Soldiers who desecrate the dead see themselves as hunters
May 21, 2012 in Psychology & Psychiatry
Modern day soldiers who mutilate enemy corpses or take body-parts as trophies are usually thought to be suffering from the extreme stresses of battle. But, research funded by the Economic and Social Research Council (ESRC) shows that this sort of misconduct has most often been carried out by fighters who viewed the enemy as racially different from themselves and used images of the hunt to describe their actions.
"The roots of this behaviour lie not in individual psychological disorders," says Professor Simon Harrison who carried out the study, "but in a social history of racism and in military traditions that use hunting metaphors for war. Although this misconduct is very rare, it has persisted in predictable patterns since the European Enlightenment. This was the period when the first ideologies of race began to appear, classifying some human populations as closer to animals than others."
European and North American soldiers who have mutilated enemy corpses appear to have drawn racial distinctions of this sort between close and distant enemies.
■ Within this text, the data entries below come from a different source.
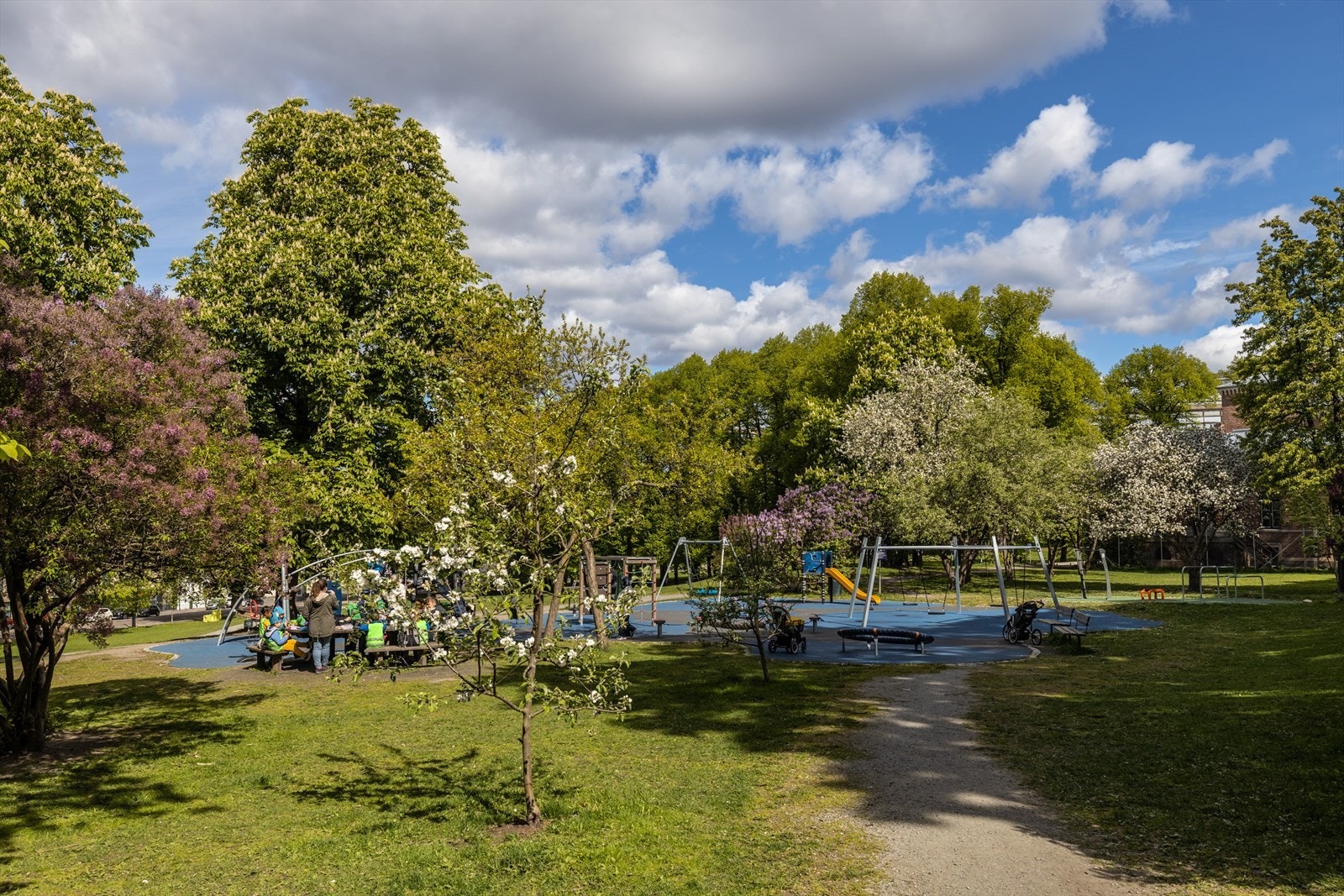 Det er flere flotte parker i nærområdet. Galleribilde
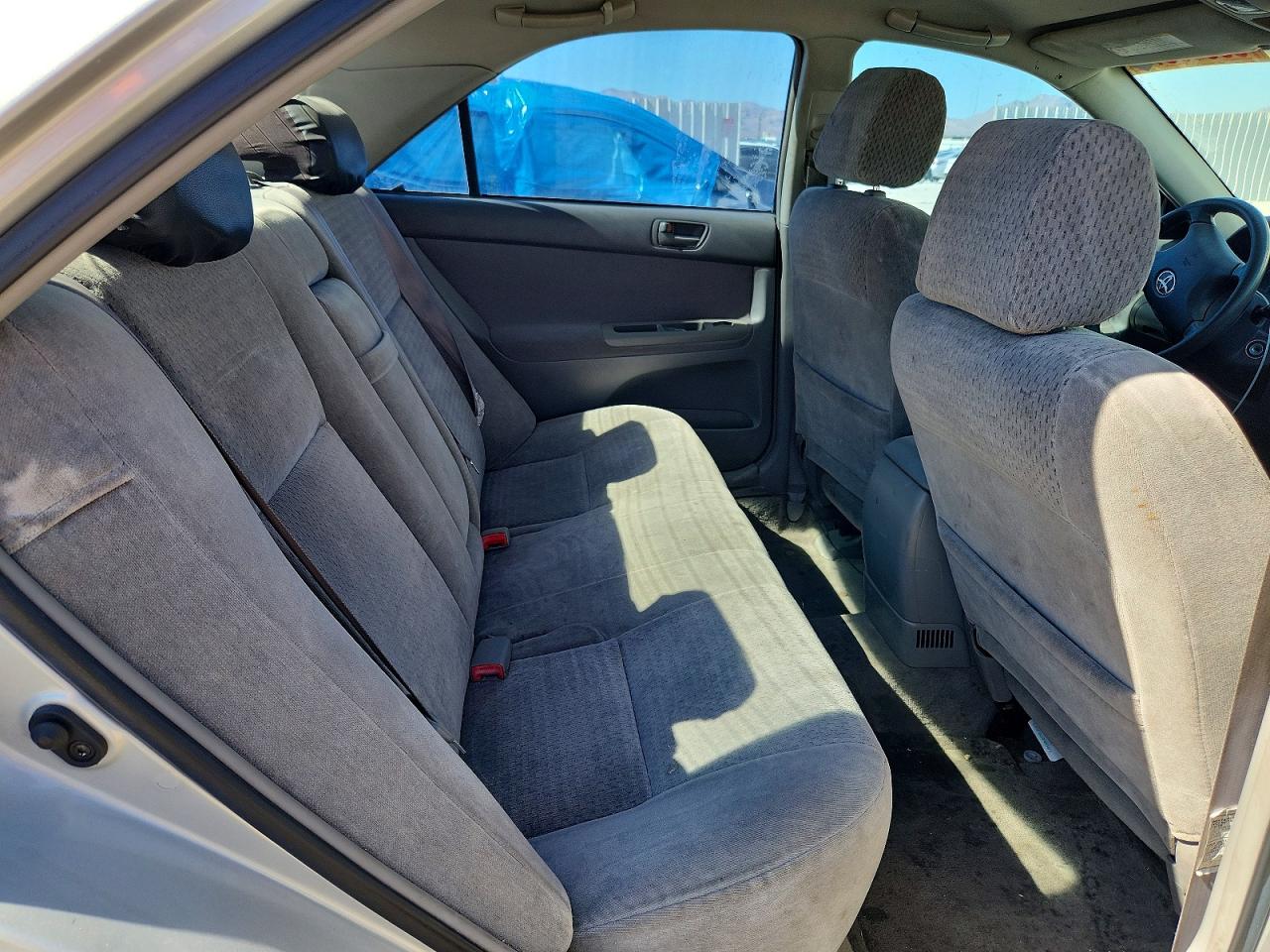 2002 Toyota Camry Le Silver vin: 4T1BE32K82U543405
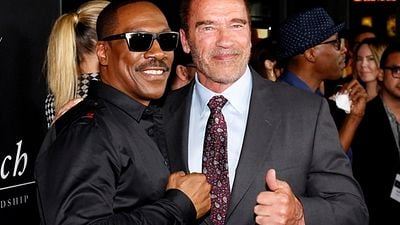 Imagem da notícia SXSW 2018: Arnold Schwarzenegger fala sobre sequência de Irmãos Gêmeos e confirma Eddie Murphy
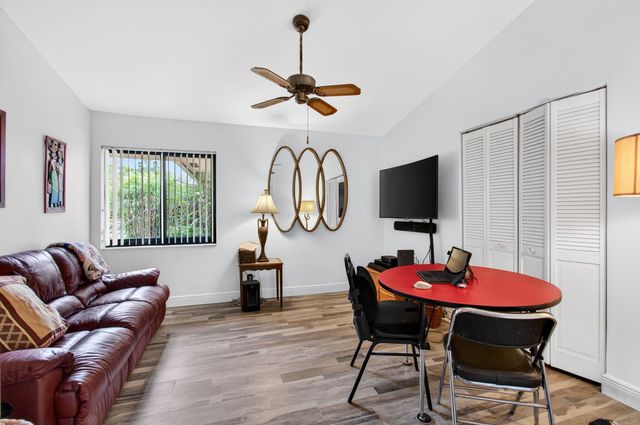 6839 Villas Drive S, Boca Raton, FL 33433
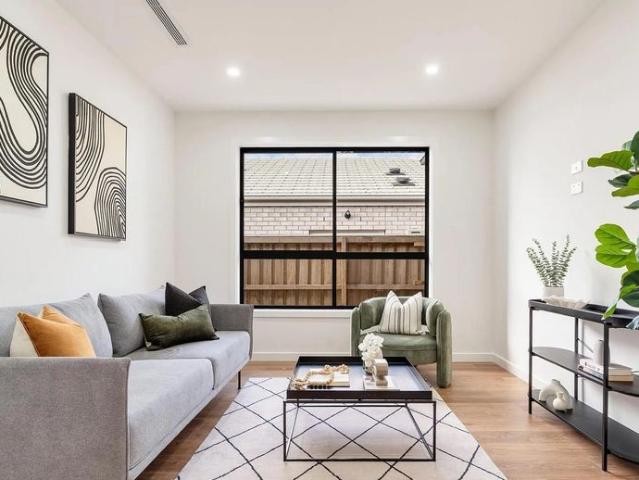 MODERN FAMILY HOME IN MADDINGLEY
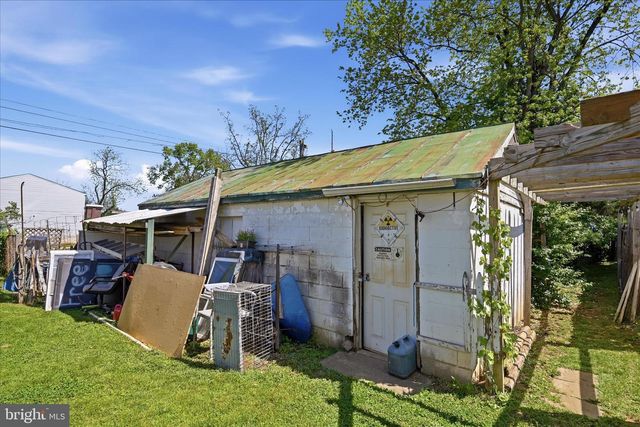 101 S GEORGE ST, Ranson, WV 25438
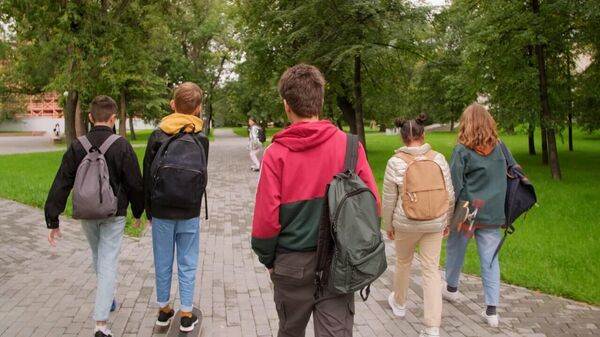 Забота о детях в Грузии и уровень детской нищеты в стране - видео - Sputnik Грузия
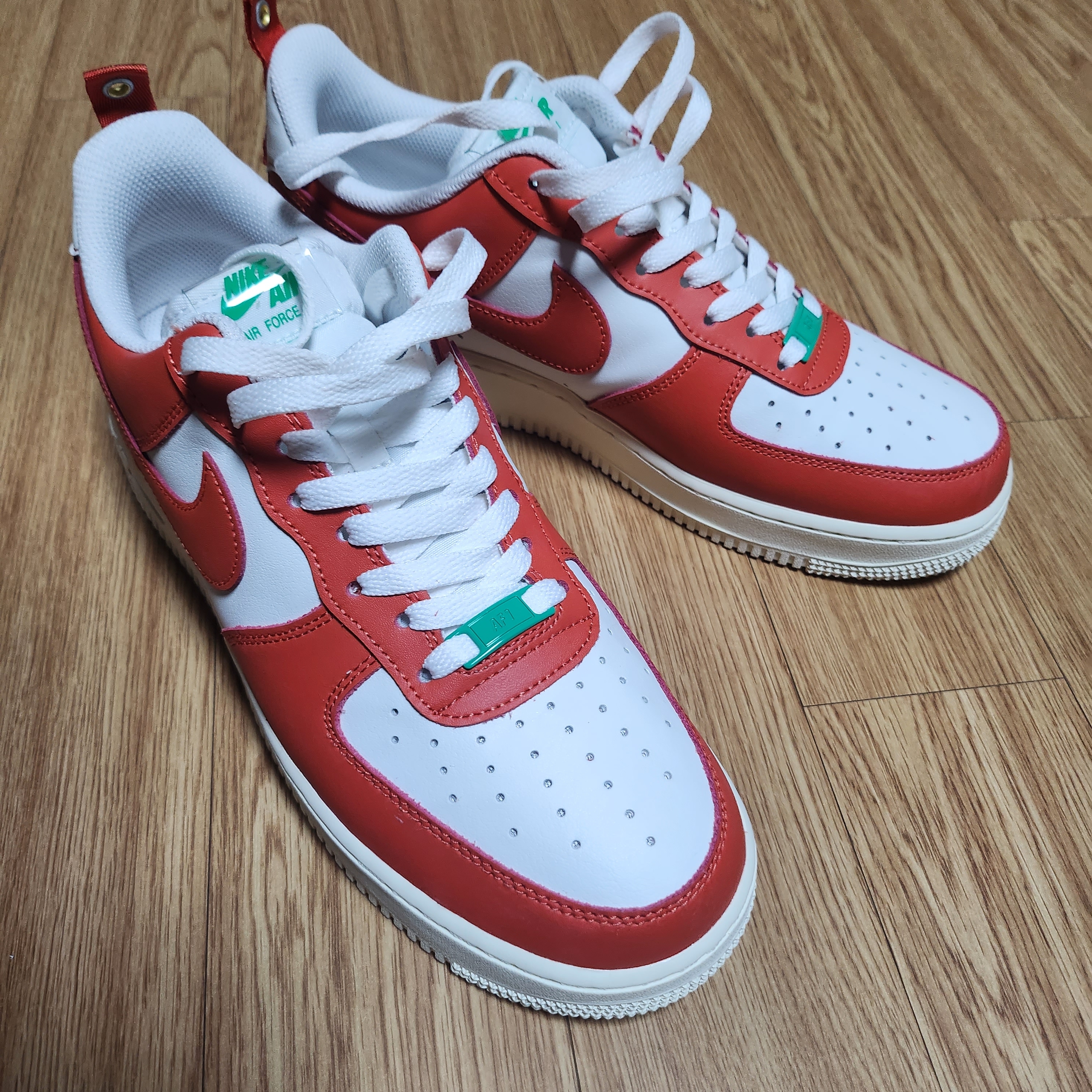 Nike Air Force 1 '07 LV8 Pojangmacha 착용 스타일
They 'fought' their close enemies, and bodies remained untouched after death, but they 'hunted' their distant enemies and such bodies became the trophies that demonstrate masculine skill.
Almost always, only enemies viewed as belonging to other 'races' have been treated in this way. "This is a specifically racialised form of violence," suggest Professor Harrison, "and could be considered a type of racially-motivated hate crime specific to military personnel in wartime."
People tend to associate head-hunting and other trophy-taking with 'primitive' warfare. They consider wars fought by professional militaries as rational and humane. However, such contrasts are misleading. The study shows that the symbolic associations between hunting and war that can give rise to abnormal behaviour such as trophy-taking in modern military organisations are remarkably close to those in certain indigenous societies where practices such as head-hunting were a recognised part of the culture.
In both cases, mutilation of the enemy dead occurs when enemies are represented as animals or prey. Parts of the corpse are removed like trophies at 'the kill'. Metaphors of 'war-as-hunting' that lie at the root of such behaviour are still strong in some armed forces in Europe and North America not only in military training but in the media and in soldiers' own self-perception.
Professor Harrison gives the example of the Second World War and shows that trophy-taking was rare on the European battlefields but was relatively common in the war in the Pacific, where some Allied soldiers kept skulls of Japanese combatants as mementos or made gifts of their remains to friends back home.
The study also gives a more recent comparison: there have been incidents in Afghanistan in which NATO personnel have desecrated the dead bodies of Taliban combatants but there is no evidence of such misconduct occurring in the conflicts of the former Yugoslavia where NATO forces were much less likely to have considered their opponents racially 'distant'.
But, it would be wrong to suggest that such behaviour amounts to a tradition. These practices are usually not explicitly taught. Indeed, they seem to be quickly forgotten after the end of wars and veterans often remain unaware of the extent to which they occurred.
Furthermore, attitudes towards the trophies themselves change as the enemy ceases to be the enemy. The study shows how human remains kept by Allied soldiers after the Pacific War became unwanted memory objects over time, which ex-servicemen or their families often donated to museums. In some cases, veterans have made great efforts to seek out the families of Japanese soldiers in order to return their remains and to disconnect themselves from a disturbing past.
Professor Harrison concludes that human trophy-taking is evidence of the power of metaphor in structuring and motivating human behaviour. "It will probably occur, in some form or other, whenever war, hunting and masculinity are conceptually linked," he says. "Prohibition is clearly not enough to prevent it. We need to recognise the dangers of portraying war in terms of hunting imagery."